WHAT THE TASK REQUIRES: Pictures aside, every line of the listing should be given again exactly.
--- INPUT DATA ---
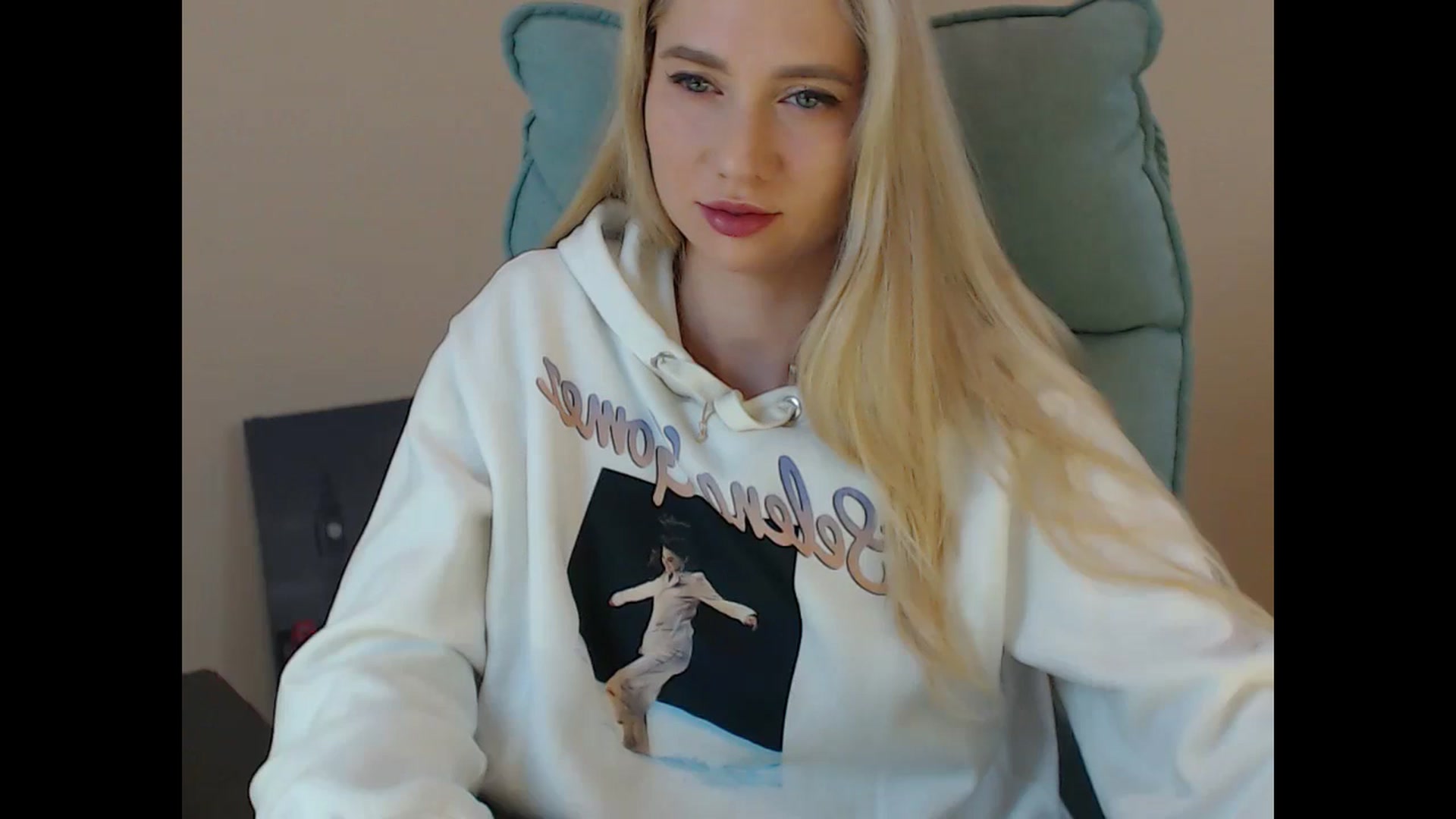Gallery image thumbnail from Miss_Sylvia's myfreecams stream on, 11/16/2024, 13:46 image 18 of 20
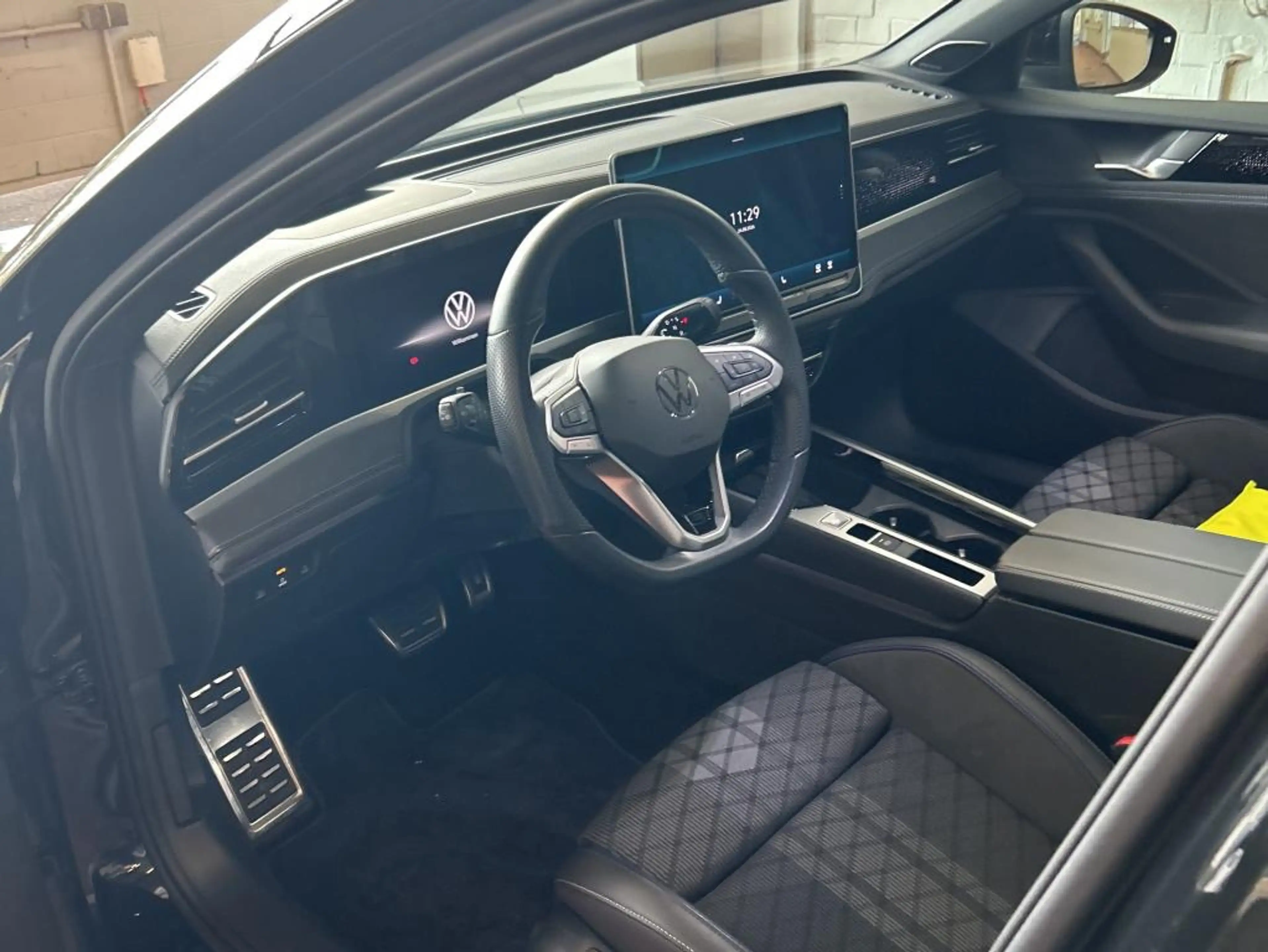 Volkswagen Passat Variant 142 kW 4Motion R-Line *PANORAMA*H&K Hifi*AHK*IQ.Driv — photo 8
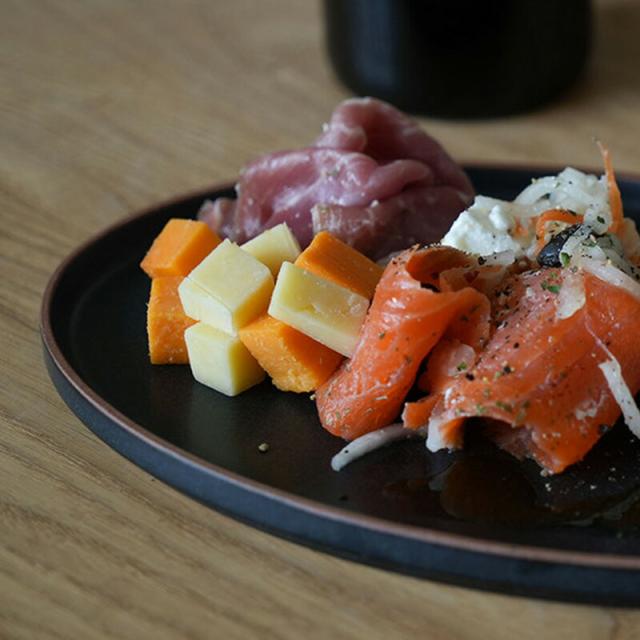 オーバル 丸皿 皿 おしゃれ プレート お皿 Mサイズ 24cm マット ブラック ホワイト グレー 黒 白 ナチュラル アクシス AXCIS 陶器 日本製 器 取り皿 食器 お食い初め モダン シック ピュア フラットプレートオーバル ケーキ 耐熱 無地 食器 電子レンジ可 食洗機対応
---
FINISHED TASK:
Gallery image thumbnail from Miss_Sylvia's myfreecams stream on, 11/16/2024, 13:46 image 18 of 20
 Volkswagen Passat Variant 142 kW 4Motion R-Line *PANORAMA*H&K Hifi*AHK*IQ.Driv — photo 8
 オーバル 丸皿 皿 おしゃれ プレート お皿 Mサイズ 24cm マット ブラック ホワイト グレー 黒 白 ナチュラル アクシス AXCIS 陶器 日本製 器 取り皿 食器 お食い初め モダン シック ピュア フラットプレートオーバル ケーキ 耐熱 無地 食器 電子レンジ可 食洗機対応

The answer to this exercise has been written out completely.